Directions for this task: Exactly and only the lines from the first entry through the line with "Blue Rayon Kurta Set With Palazzo 327278" should be copied, both ends included, with no pictures.
- - - - -
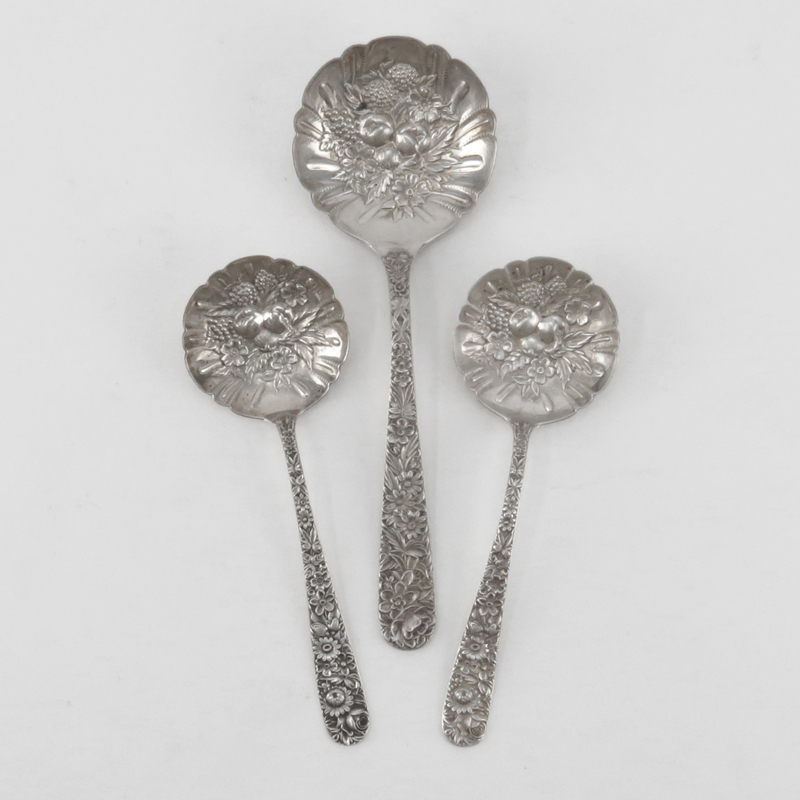 S. Kirk & Son Sterling Silver Repousse Berry Spoons.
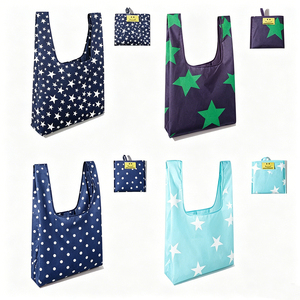 Bulk Stock Foldable Reusable Shopping Tote Bag Large Size <b>Dot</b> Pattern Non Woven Fabric Shoulder Handle For Grocery Use - Product Image 6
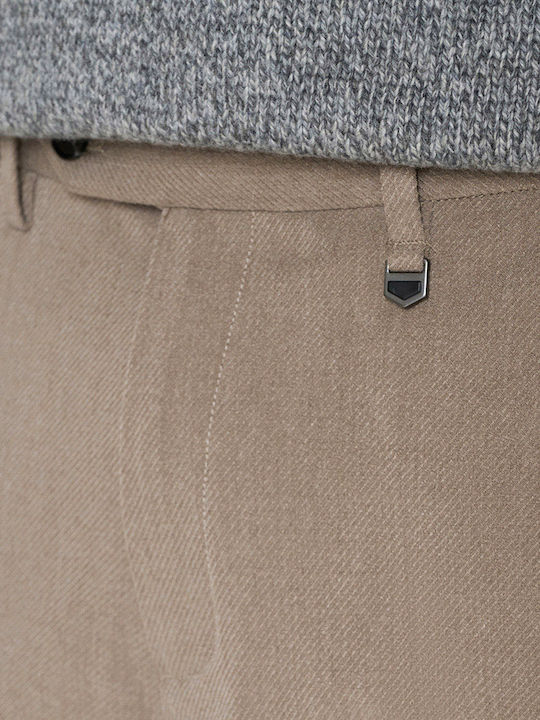 Bryan Men's Elastic Slim Fit Beige Trousers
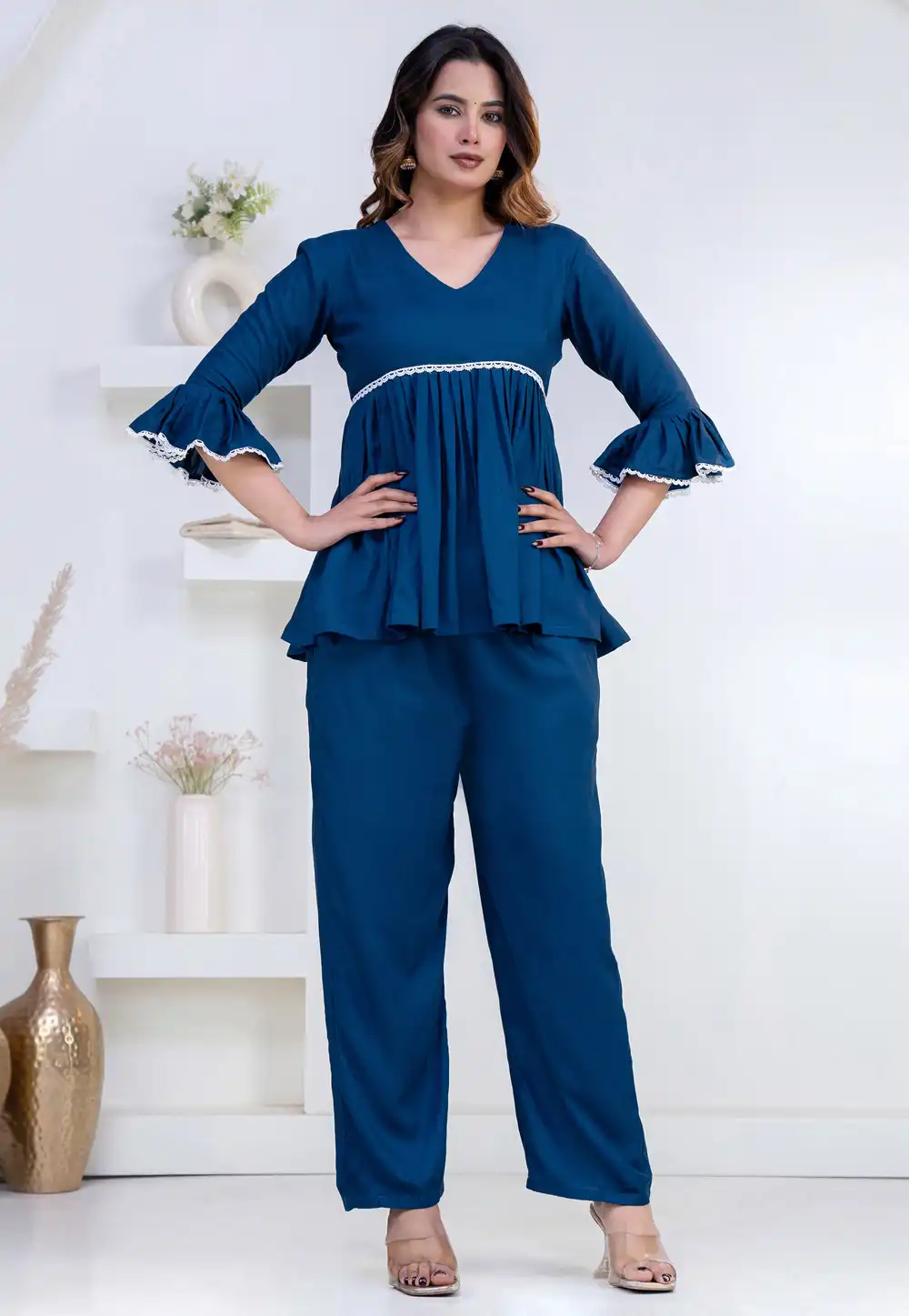 Blue Rayon Kurta Set With Palazzo 327278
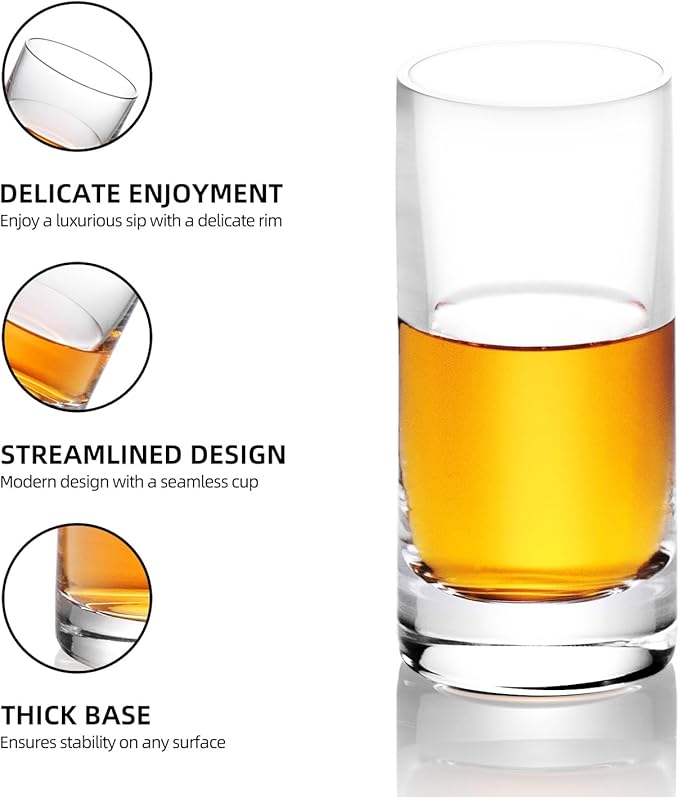 KAMMAK Shot Glasses Set of 2, 40ml/1.35oz Clear Espresso Shot Glass with Heavy Base for Bar Restaurants Home, Small Whiskey Shot Glass for Vodka, Whiskey, Tequila, Spirits & Liquors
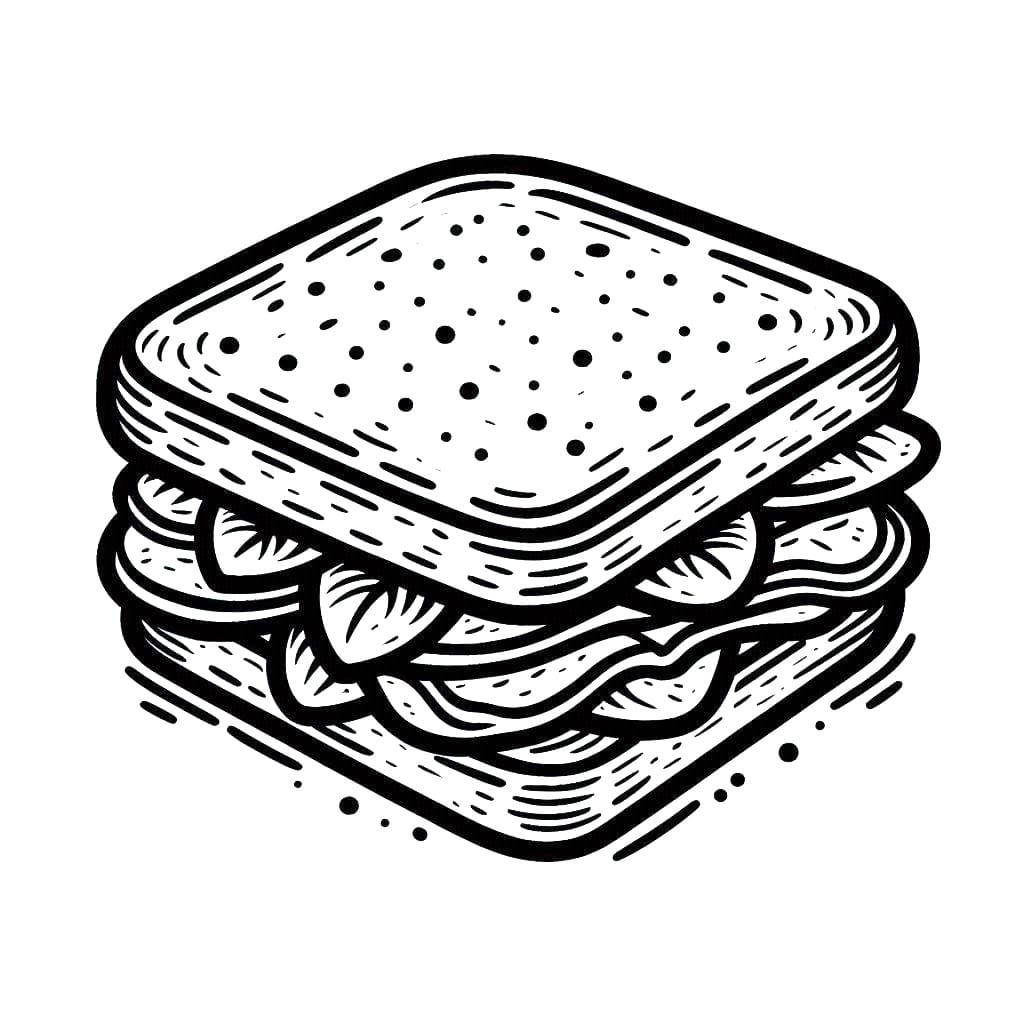 Målarbild Smörgås Gratis Utskrivbar för Barn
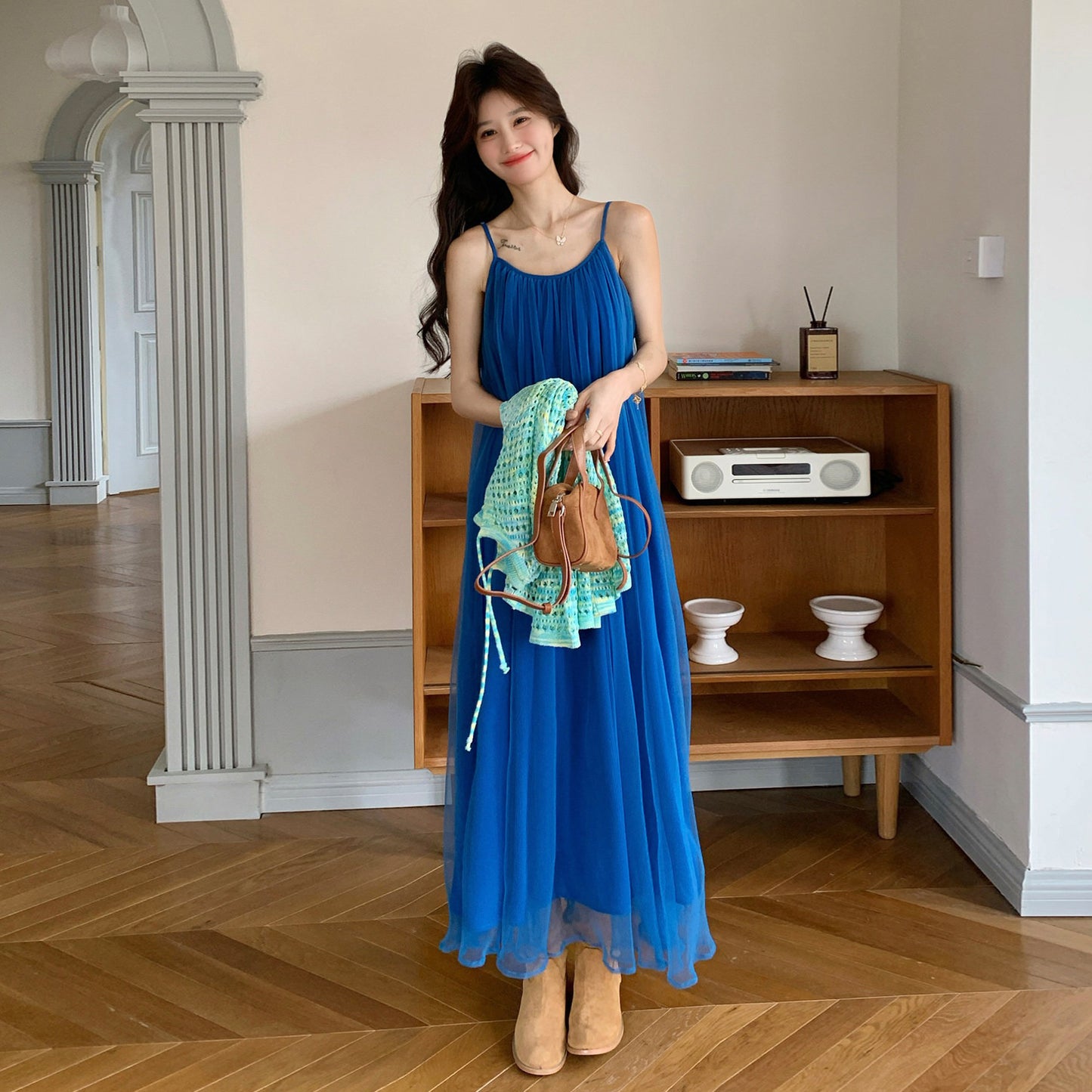 2点セット！【セットアップ】この透け感がたまらない…♡ 透かしカバーアップ×ノースリーブワンピース セット リゾートコーデ 体型カバーも◎【JZシリーズ】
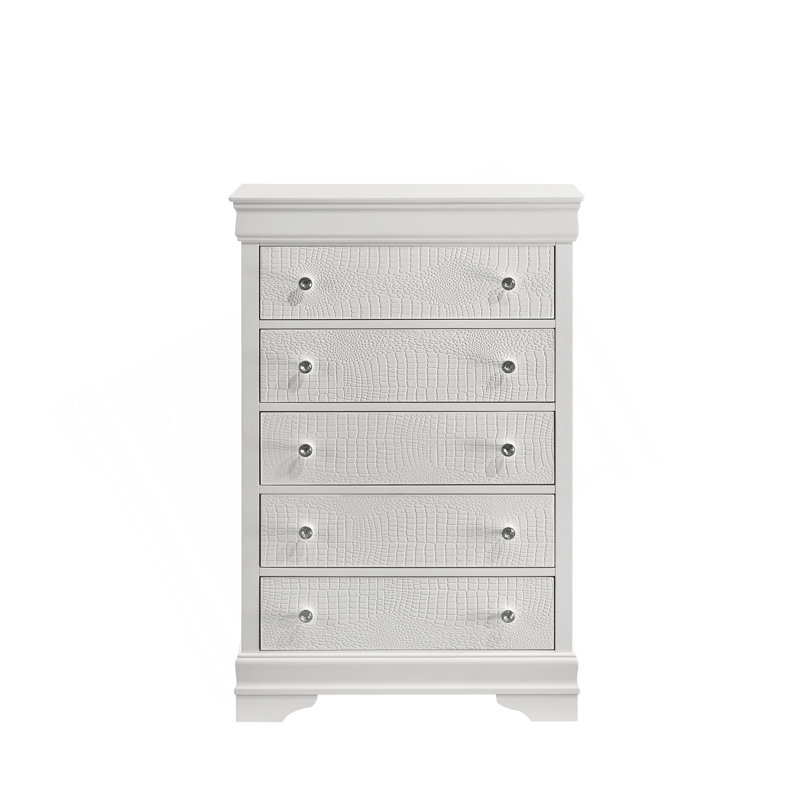 Commode 5 tiroirs de style moderne en bois blanc
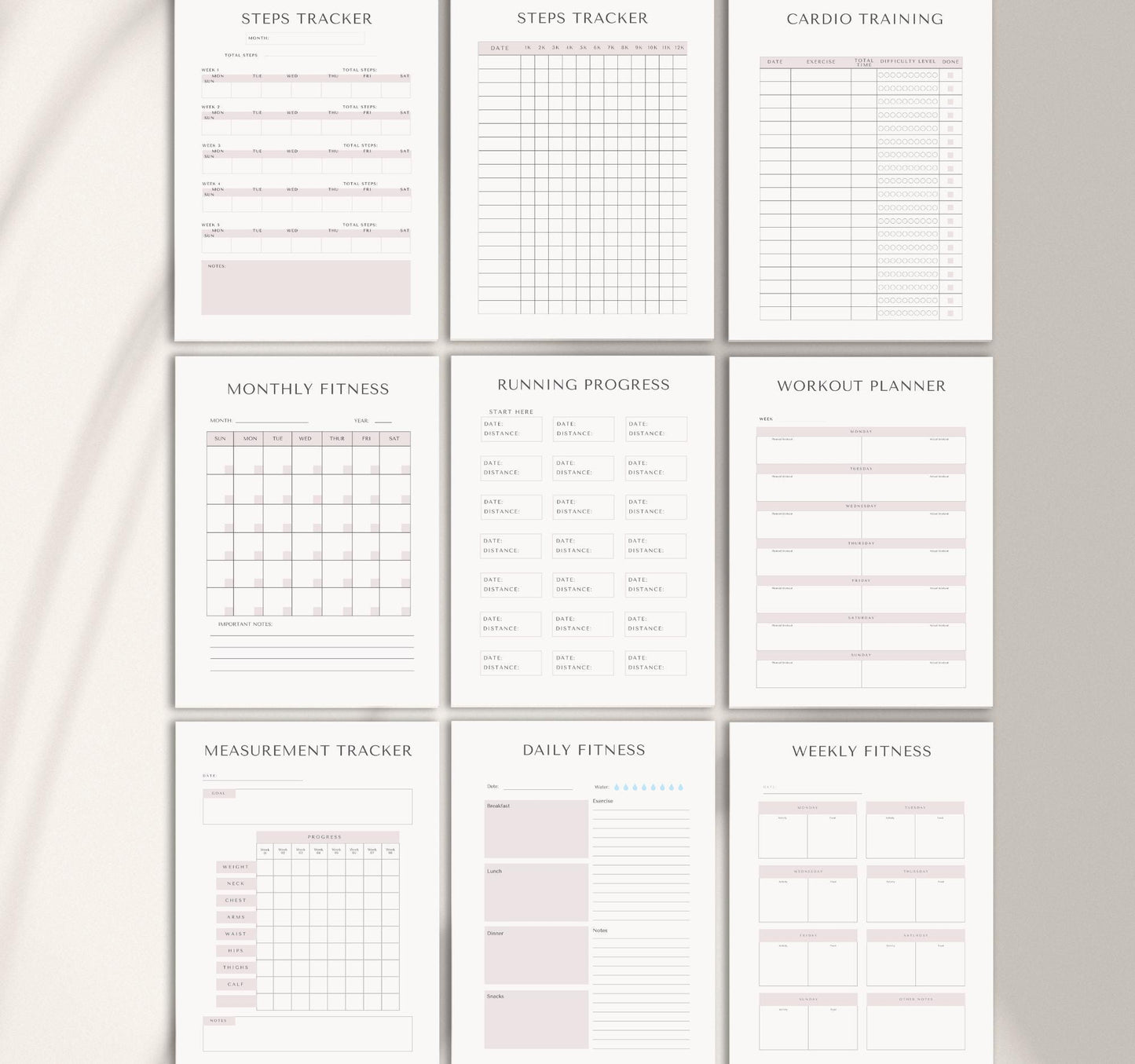 Digital Fitness Planner | Workout Tracker, Meal & Exercise Log, Health & Wellness Journal PDF Download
- - - - -
Answer section:
 S. Kirk & Son Sterling Silver Repousse Berry Spoons.
 Bulk Stock Foldable Reusable Shopping Tote Bag Large Size <b>Dot</b> Pattern Non Woven Fabric Shoulder Handle For Grocery Use - Product Image 6
 Bryan Men's Elastic Slim Fit Beige Trousers
 Blue Rayon Kurta Set With Palazzo 327278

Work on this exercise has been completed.